EXERCISE:
After locating "Цвет рая / Rang-e khoda", return its line and all lines that follow through the end of the listing below, exactly; leave out pictures.

INFORMATION PROVIDED:
....................

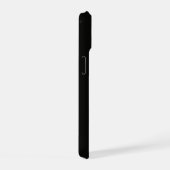 ゲームオーバーなんてありえない ゲーマー幽霊ハロウィン iPhone 15ケース (右側面)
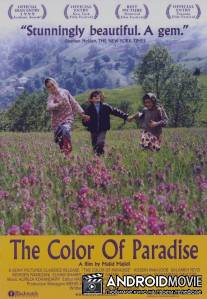 Цвет рая / Rang-e khoda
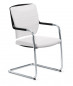 Preview: Sedus crossline Besucherstuhl Freischwinger cn-233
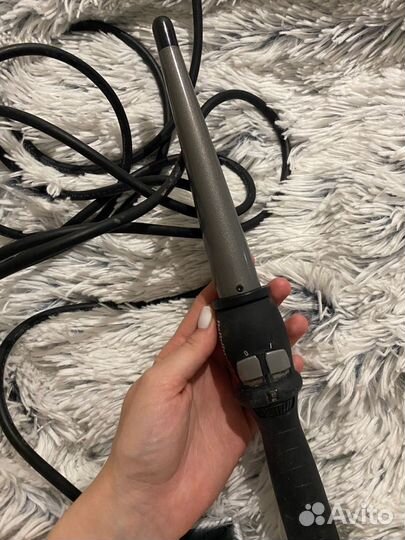 Плойка babyliss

....................

SOLUTION TO THE EXERCISE:
 Цвет рая / Rang-e khoda
 Preview: Sedus crossline Besucherstuhl Freischwinger cn-233
 Плойка babyliss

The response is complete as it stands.